● What the task asks: When you copy the entries, keep every word exactly as it is and drop the images.

● Supplied material:
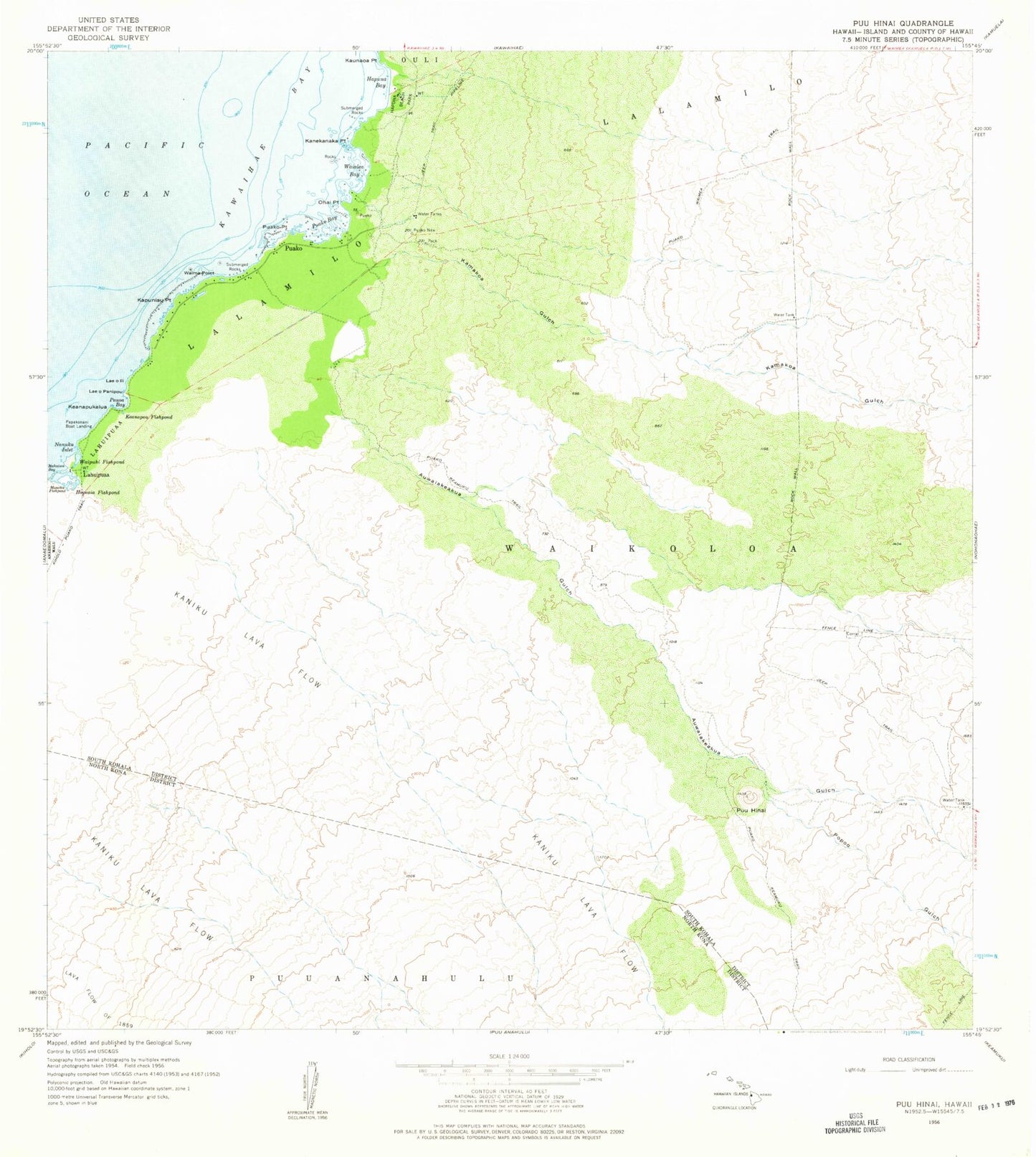 Classic USGS Puu Hinai Hawaii 7.5'x7.5' Topo Map Image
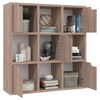 vidaXL Bookshelf Grey Sonoma Oak 88.5x27.5x88 cm Engineered Wood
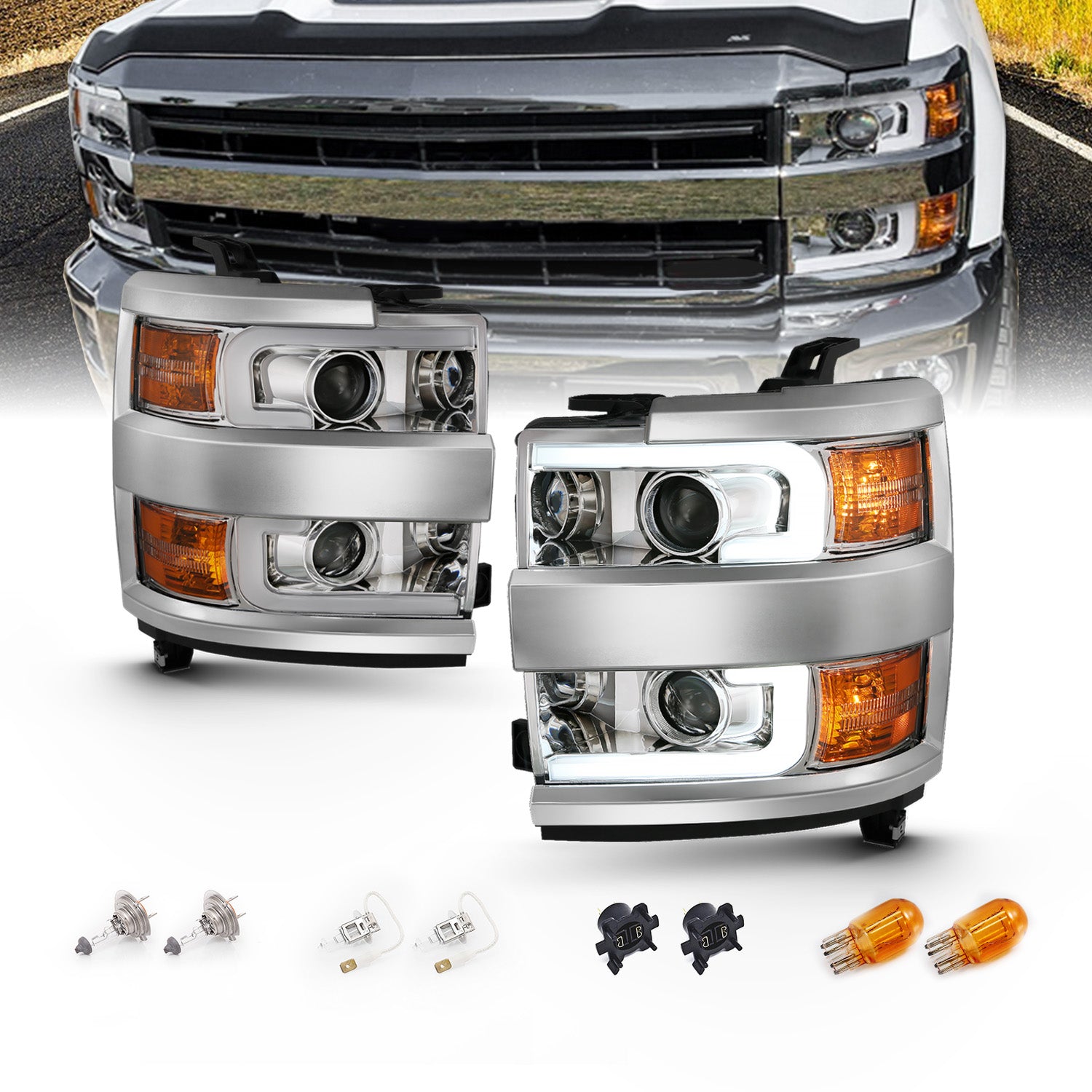 CHEVY SILVERADO 2500HD/3500HD 15-17 PROJECTOR LIGHT BAR STYLE HEADLIGHTS CHROME AMBER (CHROME RIM)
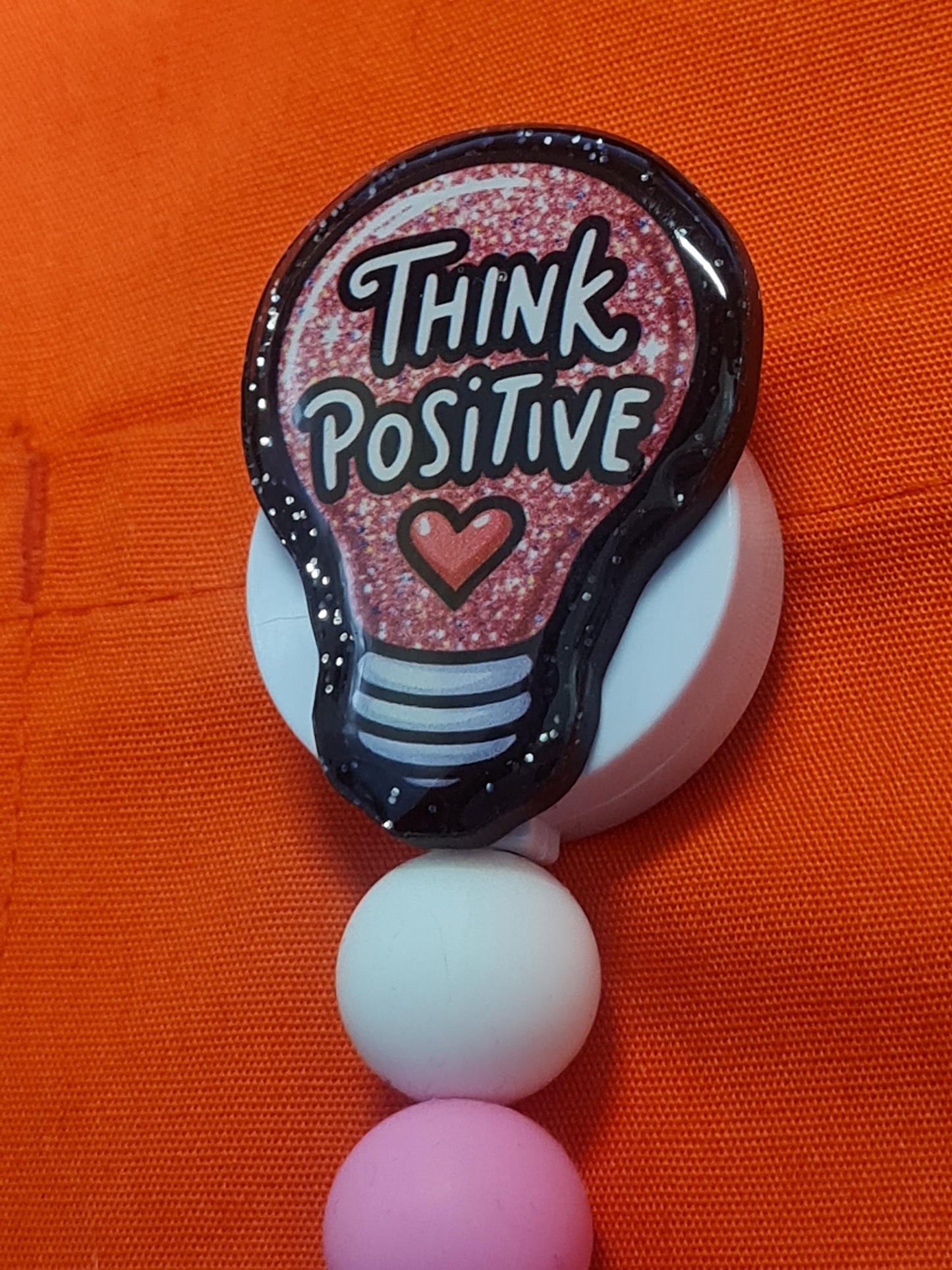 "Think Positive" Retractable ID Badge Reel - Motivational Mindset Accessory for Nurses, Teachers, and Social Workers - Mental Health Awareness Gift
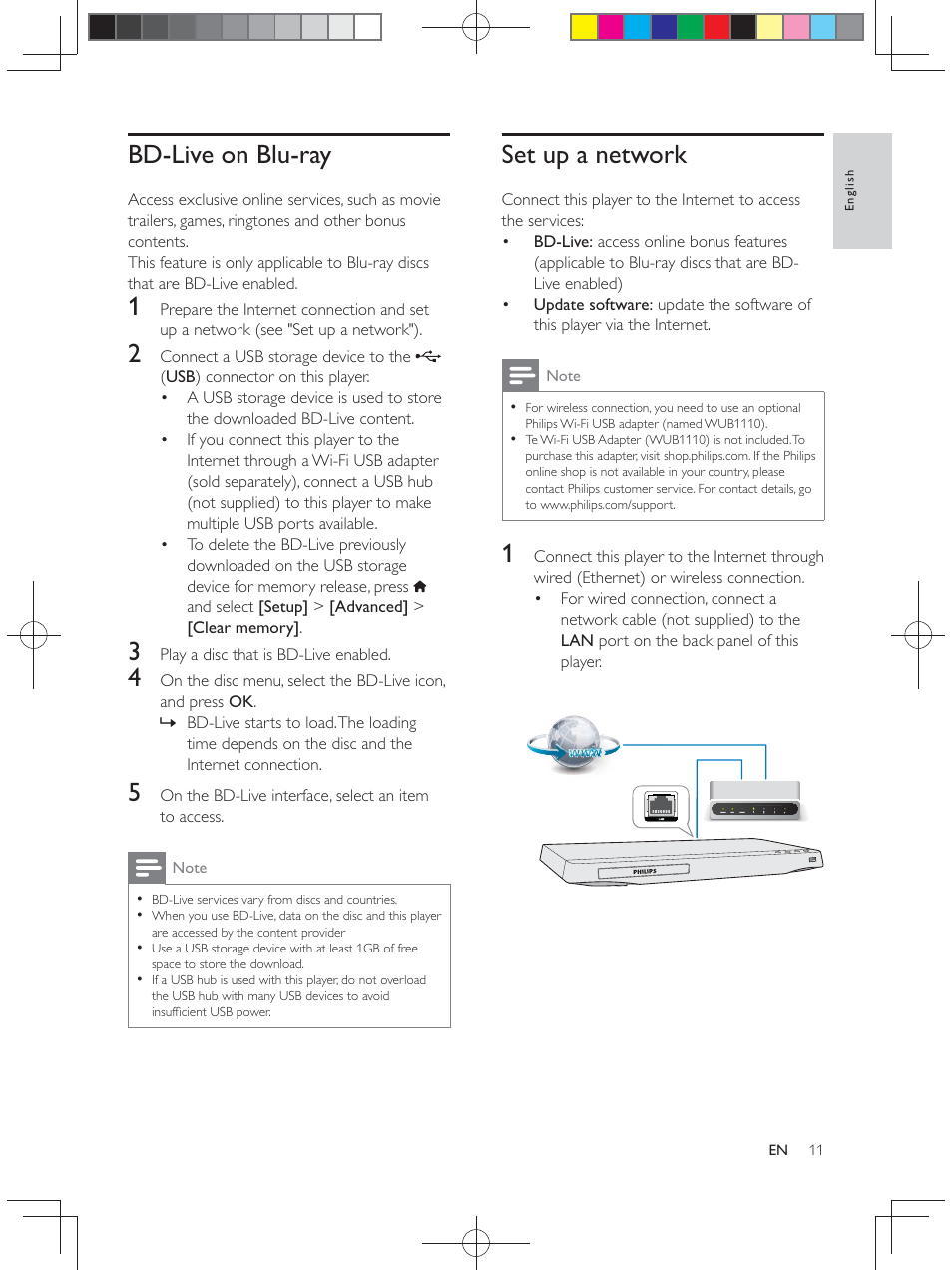 Bd-live on blu-ray, Set up a network | Philips BDP2900 User Manual | Page 11 / 25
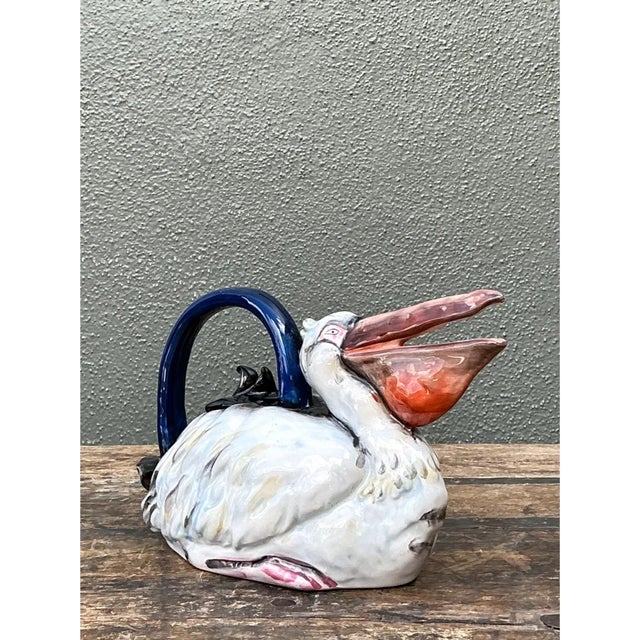 Vintage Coastal Glazed Ceramic Pelican Teapot For Sale - Image 10 of 12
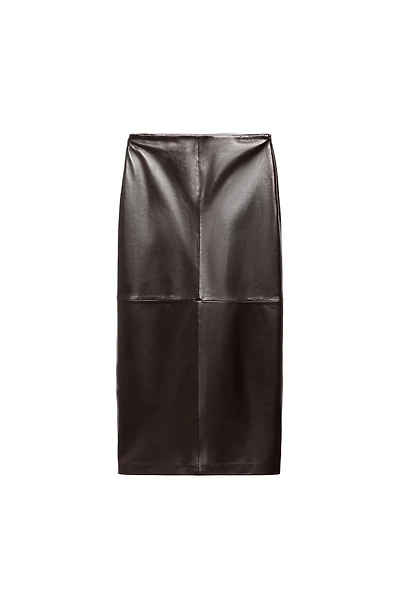 ZW COLLECTION 100% LEATHER MIDI SKIRT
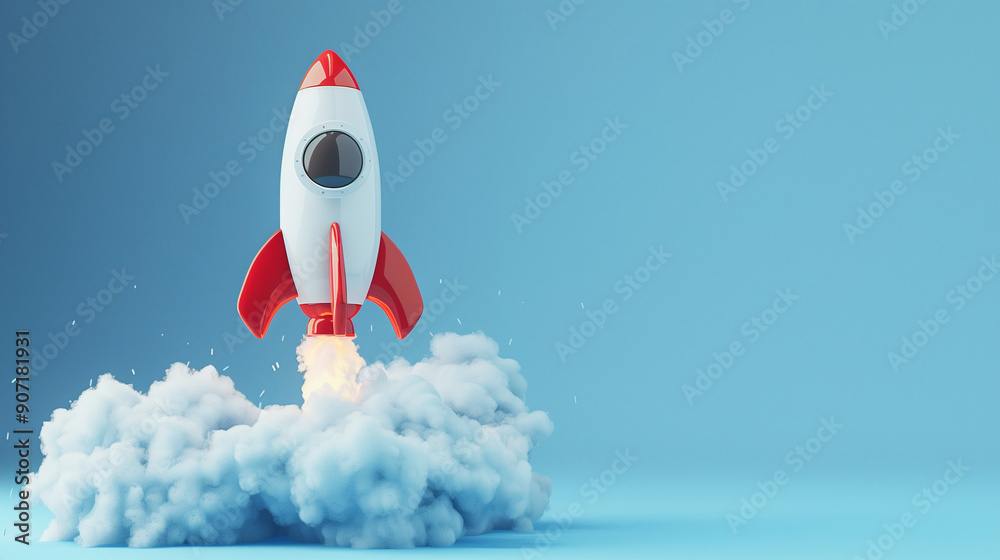レトロでかわいいロケットが離陸する様子を3Dで立体的に描いたAI生成画像 レトロでかわいいロケットが離陸する様子を3Dで立体的に描いたAI生成画像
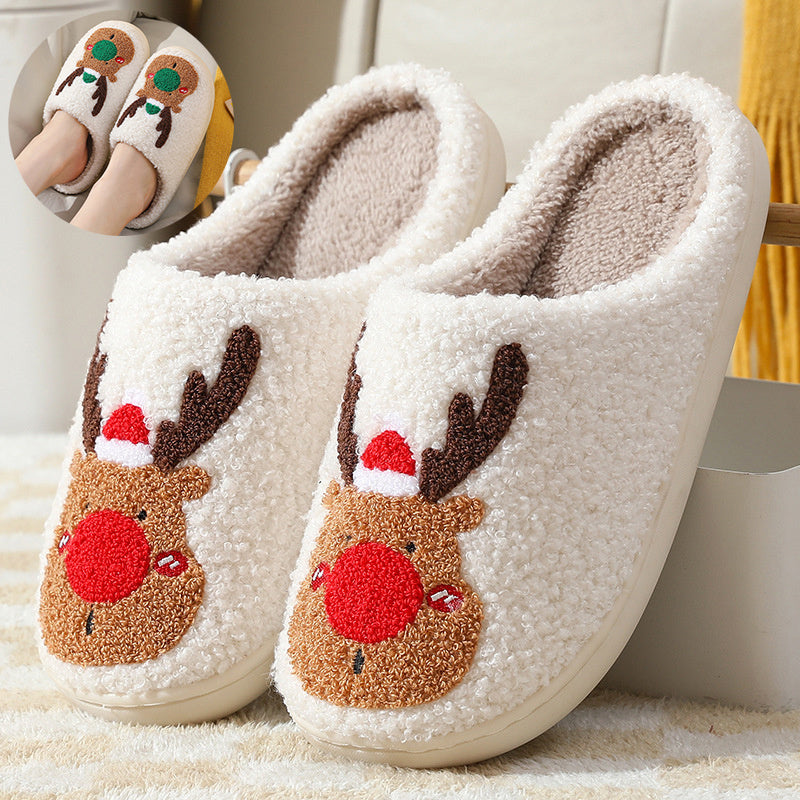 Soft and Warm Fleece Lined Christmas Themed Slip on Slippers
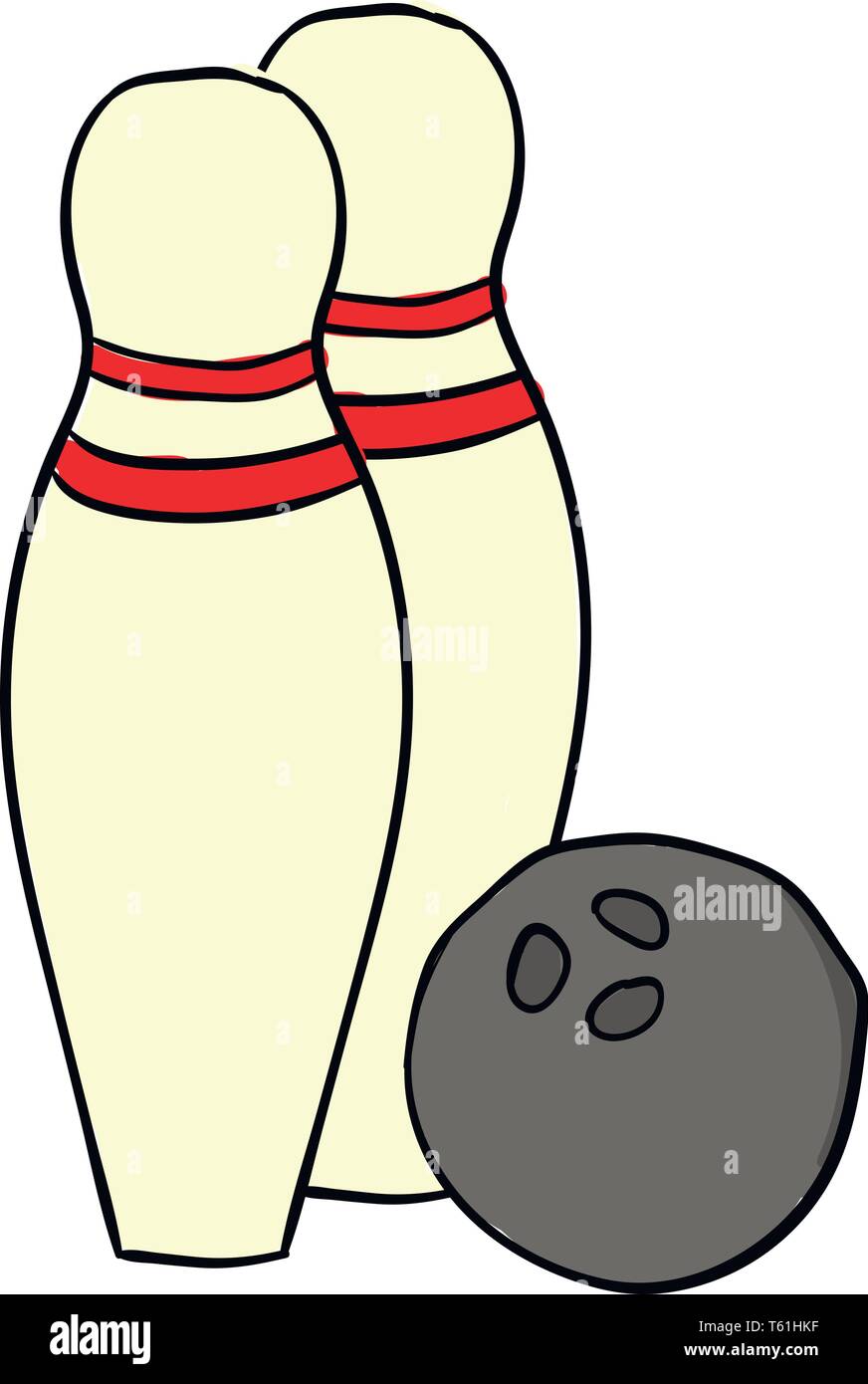 Ein graues Bowling Ball neben zwei gelbe Bowling Pins mit zwei roten Bändern am Hals jeder Vektor Farbe, Zeichnung oder Abbildung Stock Vektor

● Task answer:
 Classic USGS Puu Hinai Hawaii 7.5'x7.5' Topo Map Image
 vidaXL Bookshelf Grey Sonoma Oak 88.5x27.5x88 cm Engineered Wood
 CHEVY SILVERADO 2500HD/3500HD 15-17 PROJECTOR LIGHT BAR STYLE HEADLIGHTS CHROME AMBER (CHROME RIM)
 "Think Positive" Retractable ID Badge Reel - Motivational Mindset Accessory for Nurses, Teachers, and Social Workers - Mental Health Awareness Gift
 Bd-live on blu-ray, Set up a network | Philips BDP2900 User Manual | Page 11 / 25
 Vintage Coastal Glazed Ceramic Pelican Teapot For Sale - Image 10 of 12
 ZW COLLECTION 100% LEATHER MIDI SKIRT
レトロでかわいいロケットが離陸する様子を3Dで立体的に描いたAI生成画像 レトロでかわいいロケットが離陸する様子を3Dで立体的に描いたAI生成画像
 Soft and Warm Fleece Lined Christmas Themed Slip on Slippers
 Ein graues Bowling Ball neben zwei gelbe Bowling Pins mit zwei roten Bändern am Hals jeder Vektor Farbe, Zeichnung oder Abbildung Stock Vektor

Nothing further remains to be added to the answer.